$ S$ is a non-empty subset of the set $ \{ 1, 2, \cdots, 108 \}$, satisfying: (1) For any two numbers $ a,b \in S$ ( may not distinct), there exists $ c \in S$, such that $ \gcd(a,c)=\gcd(b,c)=1$. (2) For any two numbers $ a,b \in S$ ( may not distinct), there exists $ c' \in S$, $ c' \neq a$, $ c' \neq b$, such that $ \gcd(a, c') > 1$, $ \gcd(b,c') >1$. Find the largest possible value of $ |S|$.
Problem
Source: China TST 2004 Quiz
Tags: number theory unsolved, number theory
HARDMATH
24.10.2014 05:12
Is solution 76
Pathological
21.08.2019 04:34
We claim that the maximum value is $\boxed{79}.$
Let $T$ be the set of positive integers less than or equal to $108$ which have either $1$ or $2$ prime divisors among the set $\{2, 3, 5, 7, 11\}.$ If we consider $(T / \{55, 77\}) \cup \{30, 60, 90, 42, 84\},$ then we obtain a construction for $79.$
Let us now show that this is optimal.
Lemma 1. There are at most $2$ primes in $S$ which are $>7.$
Proof. Suppose that primes $p_1, p_2 > 7$ were both in $S$. Apply the second condition on them, contradiction.
$\blacksquare$
Lemma 2. $1 \notin S$.
Proof. Apply the second condition on $a = b = 1,$ contradiction.
$\blacksquare$
At this point, we have obtained with Lemmas $1$ and $2$ a bound of $108 - 1 - 23 = 84$.

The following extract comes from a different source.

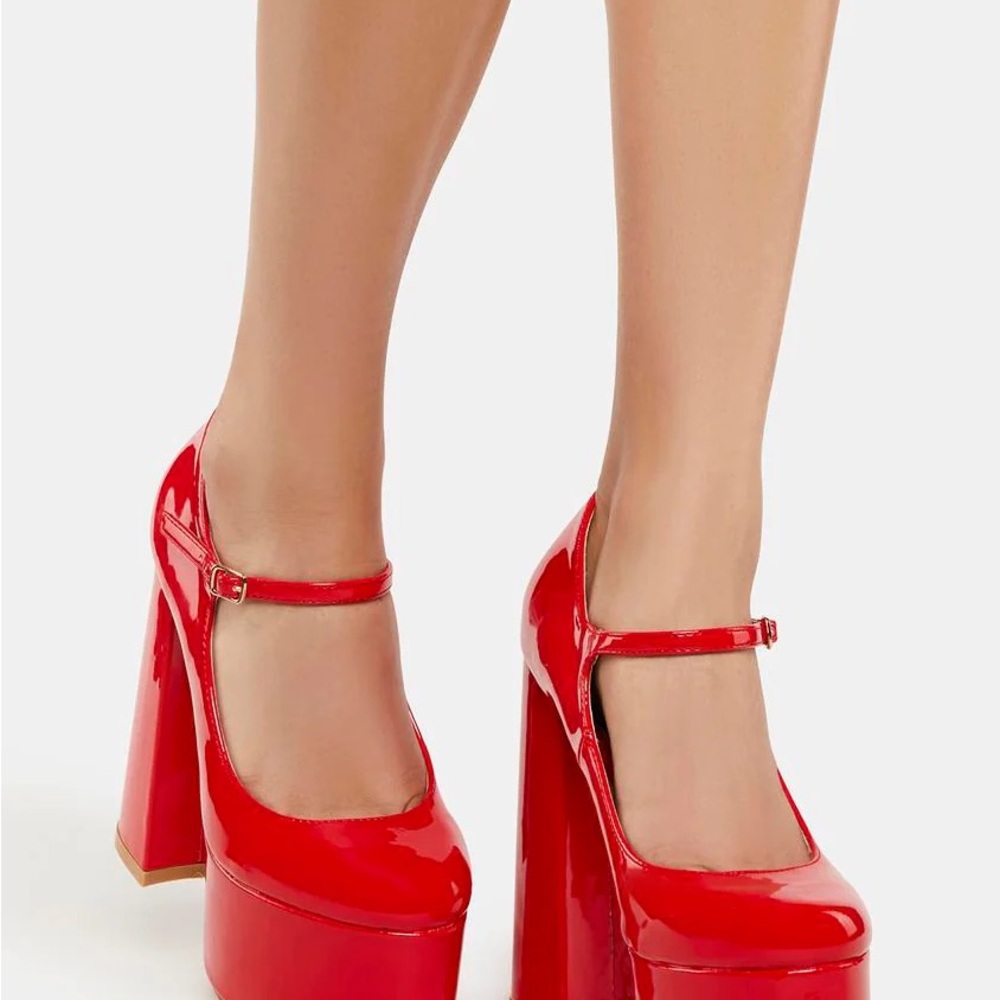 Chic Red Platform Mary Jane Heels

By Lemma $1$, we may now consider only the following two cases:
Case 1. There is not a prime $p > 7$ in $S.$
Then, among the pairs $(6, 35), (10, 21), (14, 15), (2, 105), (3, 70), (5, 42), (7, 30)$ at least one in each pair is not in $S$. Indeed, if both of the numbers in one of the pairs was present, then applying the first condition on them would yield that some element in $S$ has only prime divisors $>7$, contradiction. This decreases the previous upper bound of $84$ to $84-7 = 77 < 79$, so this case is resolved.

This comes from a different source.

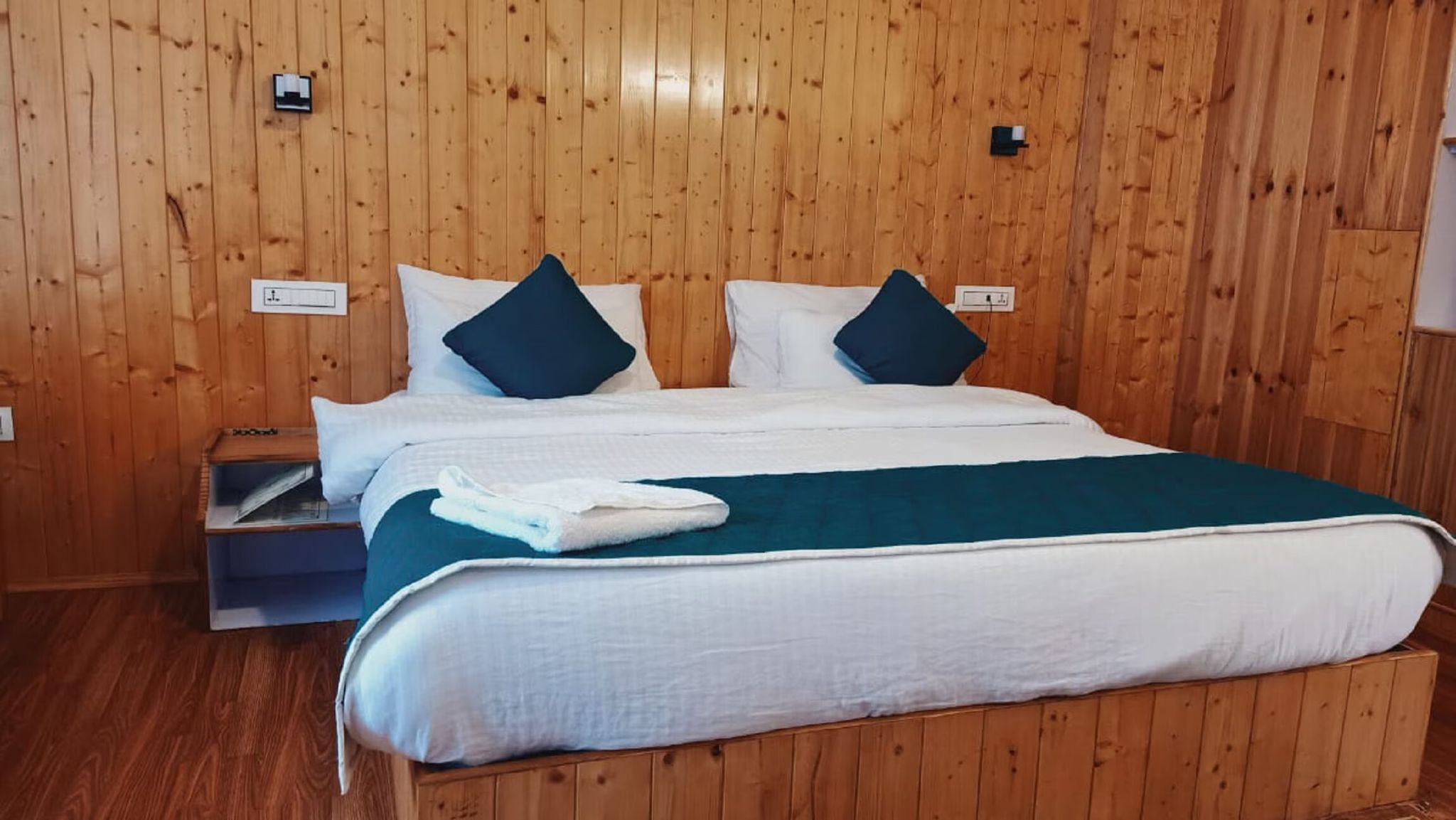 Hotel Adventure Valley, Solang Deluxe Room With Private Balcony Valley View 2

Case 2. There is a prime $p > 7$ in $S.$
Let us first examine the subcases where one of $2, 3$ is not in $S.$ If $2 \notin S$, then either one of $4, 8, 16, 32, 64$ is or $|S| \le 79.$ If some power of $2$ is in $S$, then it is easily verified that we can simply add $2$ to $S$ without causing any harm. Hence, we can assume WLOG that $2 \in S.$
If $3 \notin S$, then if one of $9, 27, 81$ is, we can similarly just add $3$ to $S.$ Otherwise, let's examine the case where $3, 9, 27, 81 \notin S.$ Then, it's clear that either $|S| \le 79$, or $S \cup \{9, 27, 81\}$ is comprised of all composites, $2$, $5$, $7$, and $p$. In the former case, we win. In the latter case, applying the second condition on $7$ and $p$ yields that $7p \le 108$, and so therefore applying the first condition on $10$ and $7p$ yields a contradiction.

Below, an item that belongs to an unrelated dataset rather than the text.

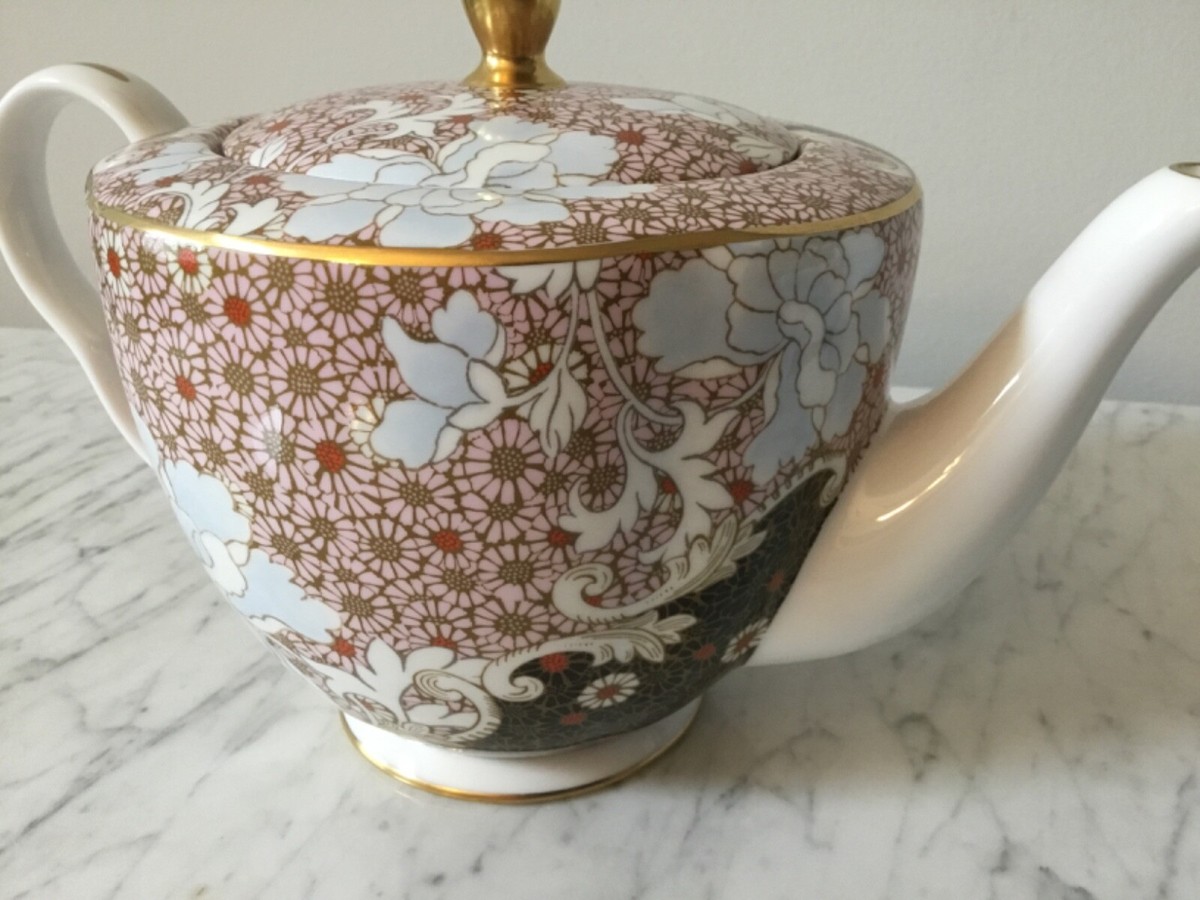 Wedgwood Daisy Large Tea Pot Bone China Gold Chrysanthemums from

As a result, we may now only examine the subcases where $2, 3 \in S.$ By similar logic as before, if there exists any power of $5$ in $S$, we can assume WLOG that $5 \in S$, and similarly for $7$. We now have the following four subcases:
Subcase 1. $2, 3 \in S$ but $5, 7 \notin S$
Then we have from our assumption that $5, 25, 7, 49 \notin S.$ Now, we know that either $|S| \le 79$, or $S \cup \{5, 7, 25, 49\}$ consists exactly of all composites, $2$, $3$, $5$, $7$, and $p$. In the former case, we win. Otherwise, by applying the second condition on $3$ and $p$, we know that $3p \le 108.$ Therefore, as $3p$ is composite, we have that $3p \in S.$ Thus, as $70$ is also composite, applying the first condition on $70$ and $3p$ yields a contradiction.
Subcase 2. $2, 3, 5 \in S$ but $7 \notin S$
Then we have from our assumption that $7, 49 \notin S.$ By applying the second condition on $5, p$, we know that $5p \le 108.$ Now, in each of the pairs $(6, 5p), (10, 3p), (15, 2p)$ at least one number is not in $S$ (otherwise just apply the first condition to obtain a contradiction). Together with $7$ and $49$, these improve the previous bound of $84$ by $5$ to $79$, and so we're done here.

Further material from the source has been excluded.